Processing of tentatives/unknowns

sneumann commented 10 years ago

Issue by schymane from Monday Oct 28, 2013 at 13:42 GMT Originally opened as https://github.com/sneumann/RMassBank/issues/34

This relies on other discussions to set the tagging. TBC.

schymane commented 9 years ago

Talk about this after BioC release

schymane commented 9 years ago

Erik and I also discussed this today, a summary: Michele and I both feel that MetFrag in RMassBank is out of the scope, certainly for the moment. More fundamental things that need to be addressed first to enable RMassBank to even create tentative/unknown spectra suitable for upload to MassBank. Assuming the user knows why they want the spectra and how they identified it we need the right comment fields, the correct way to represent the results, what do we do without structures, how to skip the recalibration and formula annotation without a formula available ... (but still do this if we do have a formula but not structure). Case 1: we have a structure but it's not certain => this is only a comment in the MassBank record Case 2: we aren't exactly sure about the structure but we have a formula => can still perform most aspects of the workflow Case 3: we have an exact mass with a cool spectrum that we want to share with the world, but we can't identify it Strategy: RMassBank works off a compound list where the user gives SMILES (best case) or for tentatives/unknowns either a formula or mass along with a comment field and RMassBank takes this information and prepares the records as best it can (note, we probably need to deal with mixed lists...) Once we have the records there is absolutely nothing stopping anyone doing MetFrag on them ... we actually almost have all the bits and pieces ready but this is a different connection/scope and in my opinion the job of another package and not RMassBank at the moment.
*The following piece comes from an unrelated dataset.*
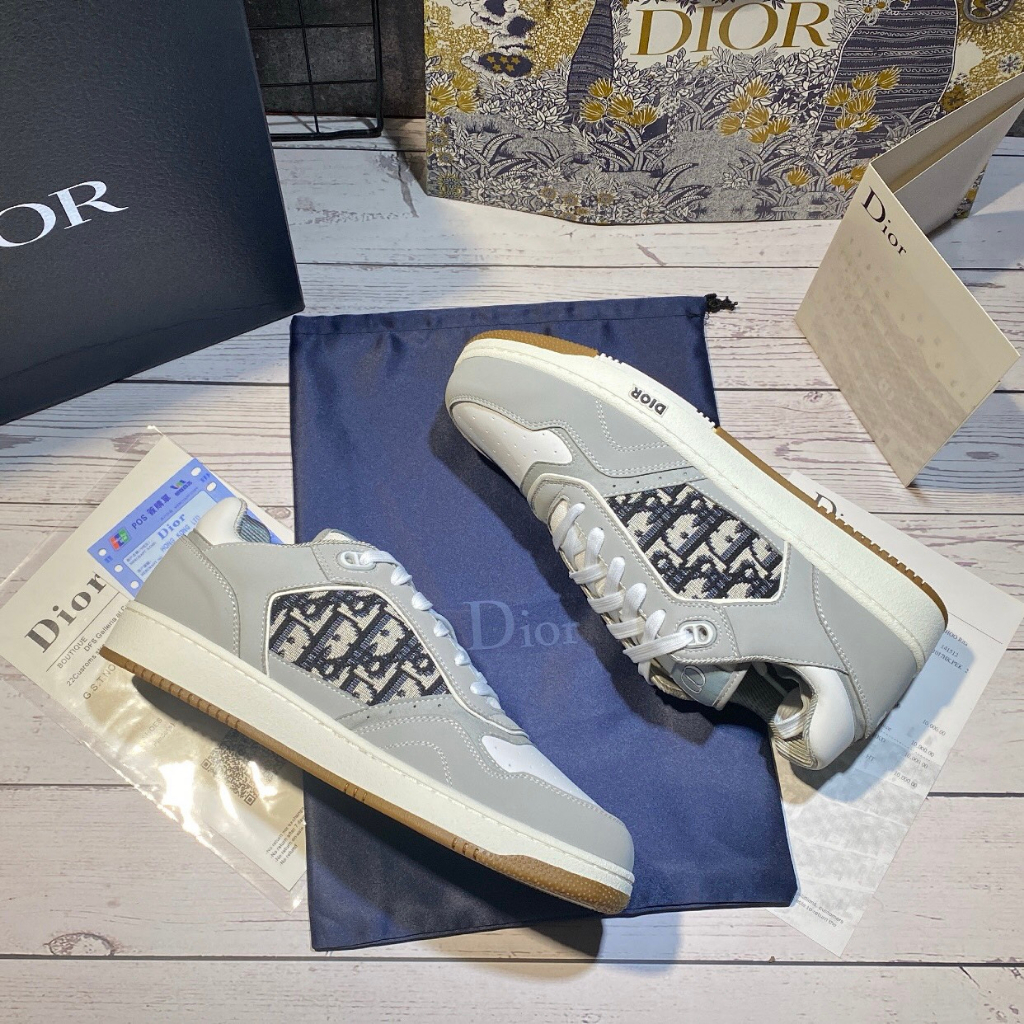 Giày Thể Thao DIOR Bằng Da Thật Thắt Dây Đế Bệt B27 bản da ĐEN hàng cao cấp nhất.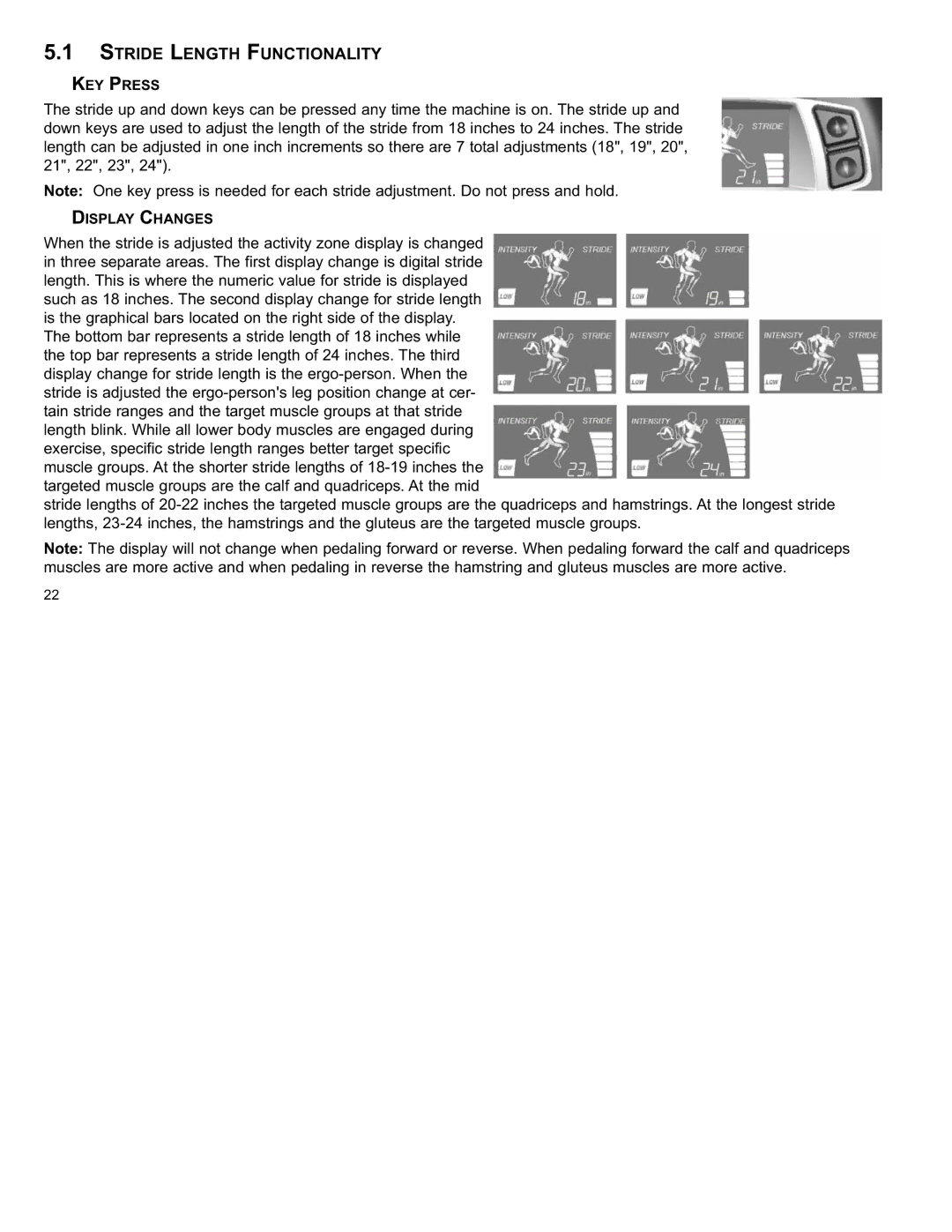 Life Fitness X8 manual Stride Length Functionality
ermueller commented 8 years ago

So, this is theoretically finished, but it needs cleanup and stuff like that. Docs are already in there, but this is all subject to change, since I already typed up a list for myself on where to clean up some code.
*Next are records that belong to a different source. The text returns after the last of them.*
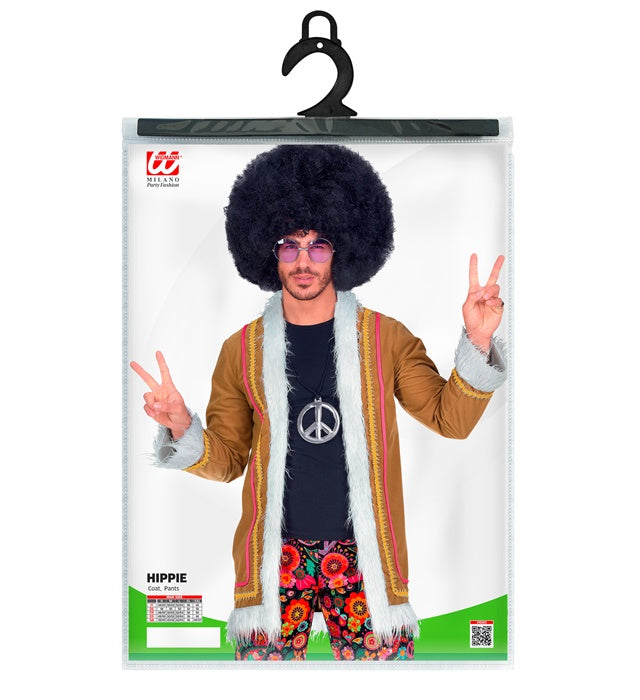 Woodstock Hippie Kostüm bestehend aus bunter Jacke und Hose im 60er-Jahre Stil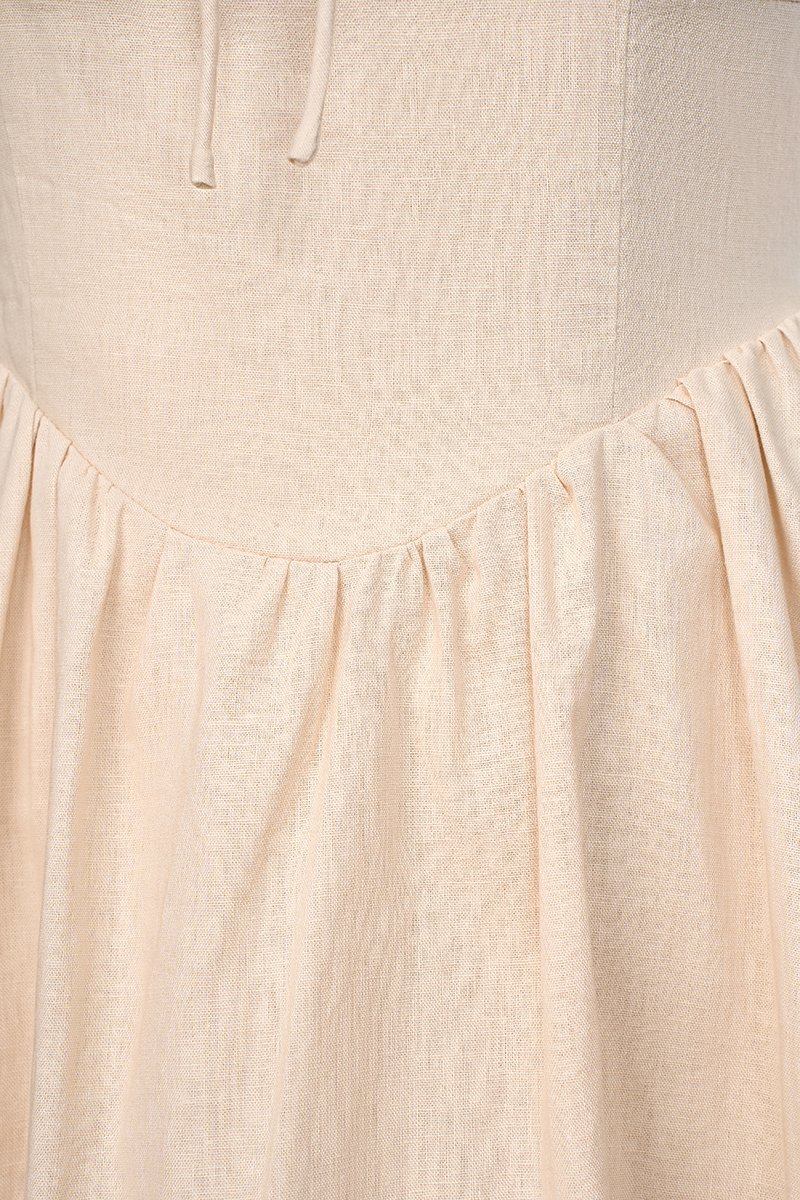 Lucia Padded Milkmaid Midi Dress in Vanilla Cream
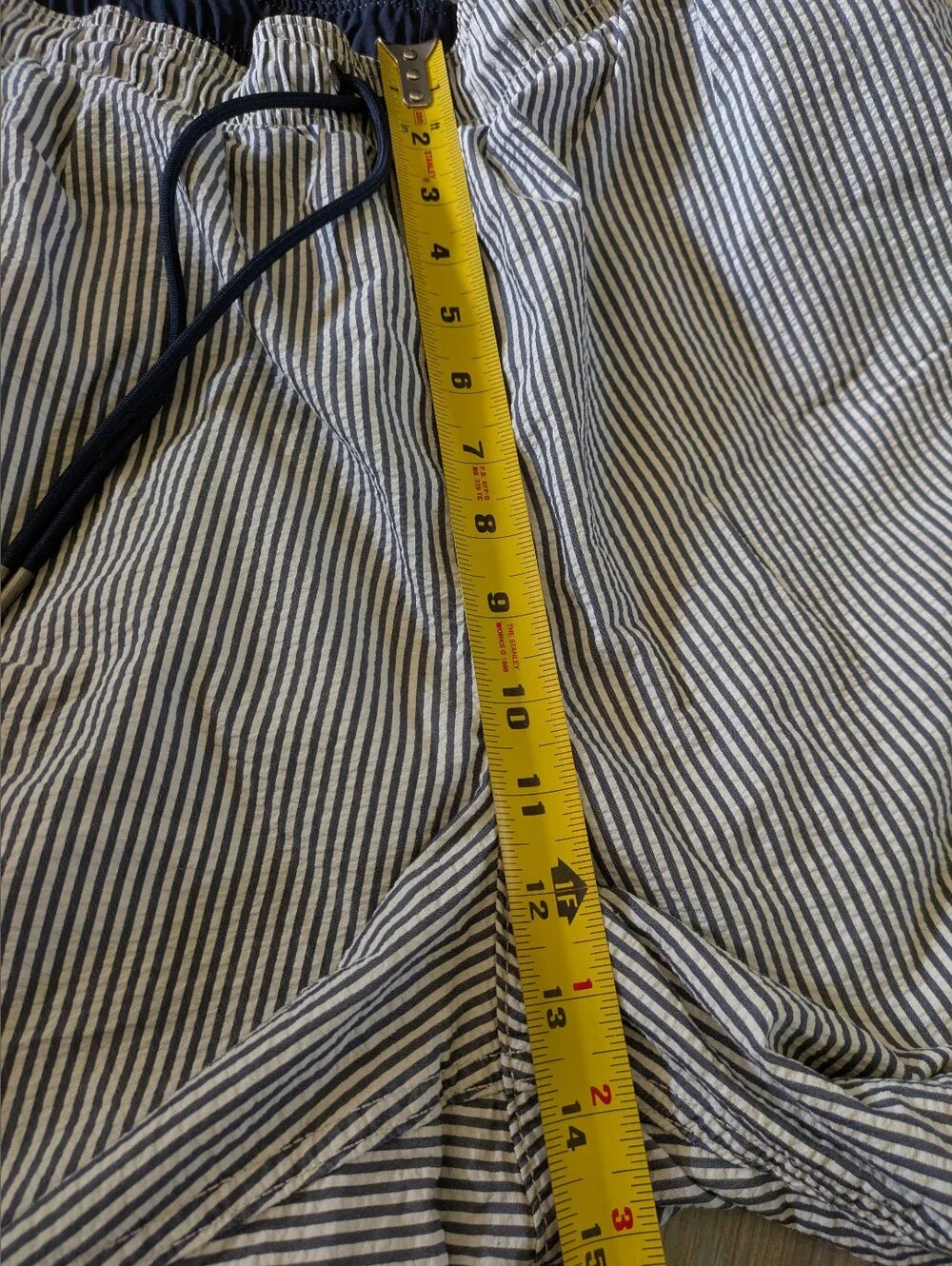 Lands End Blue & White Striped Pocketed Swim Trunks Shorts Mens XL 40-42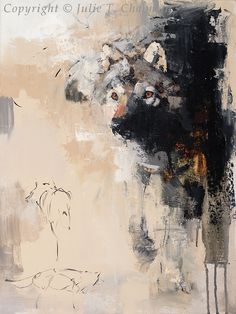 an abstract painting with black and white colors on the bottom half of it, depicting a cow's head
You'll all get a mail today with everything, I'll just test this a bit more and then type up some instructions.

Also, add a vignette for tentatives/unknowns? I feel that we have to. But I'd make that a separate issue.

EDIT: Just to clarify, I'll push the "unclean" version for now - the cleanup stuff would take quite some time.

schymane commented 8 years ago

Great! I agree that we need a vignette and that it should be a separate issue. Look forward to testing it ;)

ermueller commented 8 years ago

I hope you all read this, since my uni mailserver half-crashed 5 minutes ago:

I forgot the attachment in my mail, but you can install the package from git from my master branch. https://github.com/ermueller/RMassBank

schymane commented 8 years ago

Minor feedback to your email point 3: @ermueller a) If you want to process unknowns you need an additional column "m/z" with your target m/z. => Michele and I would be very happy if you take "mz" instead of "m/z" to avoid ugly conversion issues downstream.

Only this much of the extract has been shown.